The Court notes that at this point the outcome looks bad for the IRS but goes on to discuss a stuffer in the envelope transmitting the 30-day letter. The stuffer, Form 886-A does mention a 20% penalty; however, the stuffer has problems:
That document correctly identifies the reasons for and subsections under which the penalties were being asserted, but incorrectly identifies the amount. And that’s not the only irregularity. An initial glance reveals that the text of the Form is shrunk so that each page only takes up about half the area of the paper it’s printed on. Closer inspection shows that it includes errors (e.g., the phrase “Error! Bookmark not defined” appears several times in the Form’s table of contents) and what appear to be highlights and comments made by someone reviewing the report using a “track changes” function. So, is this “formal notice?”

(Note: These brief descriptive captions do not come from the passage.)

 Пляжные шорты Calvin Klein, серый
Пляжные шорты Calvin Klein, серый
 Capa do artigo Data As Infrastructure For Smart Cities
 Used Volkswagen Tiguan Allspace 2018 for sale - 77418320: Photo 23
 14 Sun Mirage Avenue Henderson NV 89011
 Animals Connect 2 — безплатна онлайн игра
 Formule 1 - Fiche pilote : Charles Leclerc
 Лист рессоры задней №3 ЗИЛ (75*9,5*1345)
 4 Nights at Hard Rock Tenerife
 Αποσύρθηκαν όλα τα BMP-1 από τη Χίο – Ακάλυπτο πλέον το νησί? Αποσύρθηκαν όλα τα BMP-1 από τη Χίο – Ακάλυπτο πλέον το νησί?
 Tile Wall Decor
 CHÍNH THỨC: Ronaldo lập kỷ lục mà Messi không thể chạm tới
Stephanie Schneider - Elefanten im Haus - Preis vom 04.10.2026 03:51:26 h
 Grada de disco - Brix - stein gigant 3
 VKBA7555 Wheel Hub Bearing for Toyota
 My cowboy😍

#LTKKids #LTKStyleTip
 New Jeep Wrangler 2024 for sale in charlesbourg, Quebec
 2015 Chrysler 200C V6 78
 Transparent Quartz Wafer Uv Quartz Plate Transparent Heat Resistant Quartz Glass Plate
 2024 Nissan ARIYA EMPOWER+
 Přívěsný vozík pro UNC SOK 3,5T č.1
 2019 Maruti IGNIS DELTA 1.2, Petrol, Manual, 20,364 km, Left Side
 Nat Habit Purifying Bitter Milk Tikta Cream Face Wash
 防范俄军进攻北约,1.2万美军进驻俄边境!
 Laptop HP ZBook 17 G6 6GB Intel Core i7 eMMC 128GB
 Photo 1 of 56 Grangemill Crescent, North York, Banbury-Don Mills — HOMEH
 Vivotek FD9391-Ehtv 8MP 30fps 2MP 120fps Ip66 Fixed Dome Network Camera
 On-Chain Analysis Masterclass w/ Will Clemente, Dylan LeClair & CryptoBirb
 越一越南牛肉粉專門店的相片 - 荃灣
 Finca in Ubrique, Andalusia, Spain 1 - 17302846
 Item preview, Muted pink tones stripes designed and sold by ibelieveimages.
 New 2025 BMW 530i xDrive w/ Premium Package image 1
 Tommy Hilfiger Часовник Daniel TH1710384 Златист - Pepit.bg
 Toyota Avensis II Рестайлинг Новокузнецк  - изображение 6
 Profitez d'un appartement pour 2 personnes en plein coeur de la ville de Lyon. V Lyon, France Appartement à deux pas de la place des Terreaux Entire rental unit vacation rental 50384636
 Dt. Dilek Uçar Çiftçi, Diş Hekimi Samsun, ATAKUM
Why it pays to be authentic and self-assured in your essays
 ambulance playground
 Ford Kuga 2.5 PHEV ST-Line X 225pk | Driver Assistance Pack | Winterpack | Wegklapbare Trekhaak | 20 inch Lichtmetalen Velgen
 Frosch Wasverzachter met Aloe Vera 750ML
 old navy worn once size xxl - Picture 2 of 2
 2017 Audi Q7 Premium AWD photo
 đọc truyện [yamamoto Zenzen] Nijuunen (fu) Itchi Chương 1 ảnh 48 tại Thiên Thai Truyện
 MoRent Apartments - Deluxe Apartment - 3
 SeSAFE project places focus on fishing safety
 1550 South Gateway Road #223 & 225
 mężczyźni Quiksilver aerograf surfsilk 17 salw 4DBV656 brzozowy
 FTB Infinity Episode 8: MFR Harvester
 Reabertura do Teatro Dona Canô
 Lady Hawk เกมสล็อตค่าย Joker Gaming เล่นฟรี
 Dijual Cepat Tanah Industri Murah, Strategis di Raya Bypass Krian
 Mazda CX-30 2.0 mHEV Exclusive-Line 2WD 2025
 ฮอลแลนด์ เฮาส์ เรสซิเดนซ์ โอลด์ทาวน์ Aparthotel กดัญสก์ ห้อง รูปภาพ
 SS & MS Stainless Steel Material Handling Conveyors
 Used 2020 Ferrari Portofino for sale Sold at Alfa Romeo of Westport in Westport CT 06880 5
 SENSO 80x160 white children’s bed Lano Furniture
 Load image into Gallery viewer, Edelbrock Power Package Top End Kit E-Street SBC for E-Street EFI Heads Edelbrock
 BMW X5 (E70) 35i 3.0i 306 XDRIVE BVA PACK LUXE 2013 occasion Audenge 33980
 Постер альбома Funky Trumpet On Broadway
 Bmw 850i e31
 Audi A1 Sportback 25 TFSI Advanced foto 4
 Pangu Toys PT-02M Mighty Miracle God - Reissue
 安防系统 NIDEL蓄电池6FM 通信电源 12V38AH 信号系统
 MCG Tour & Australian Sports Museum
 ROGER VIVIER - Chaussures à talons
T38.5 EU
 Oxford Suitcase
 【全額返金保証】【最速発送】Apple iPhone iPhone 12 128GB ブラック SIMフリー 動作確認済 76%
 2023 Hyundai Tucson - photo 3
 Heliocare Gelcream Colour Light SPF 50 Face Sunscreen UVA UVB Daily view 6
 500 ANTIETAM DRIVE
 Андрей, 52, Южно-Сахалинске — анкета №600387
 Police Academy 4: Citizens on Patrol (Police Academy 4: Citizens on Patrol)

The Court finds that the Form 886-A was incomplete and that the record is incomplete whether or not the supervisor of the agent approved stuffing this form in the letter with the 30-day letter. Among other things, the supervisor at the time of sending the letter is unknown, and the signature of that supervisor is not clearly identified in the material before the Court, causing the reference to the “Secret Agent Man.” In the end, the Court denies the motion for summary judgment but does not toss out the penalty. The IRS has a roadmap for what it needs to prove and it remains to be seen if it can prove it.
Another Chai ghoul appears as the stuffer saves the IRS to fight another day but does not insure that it will win the fight. This case was docketed in 2019. By that time, the Tax Court had provided the IRS with notice of the importance of IRC 6751(b). This is not a case like some described in earlier posts where the case sat so long in the Tax Court that the knowledge and interpretation of the law shifted dramatically between the time of the penalty imposition and the decision.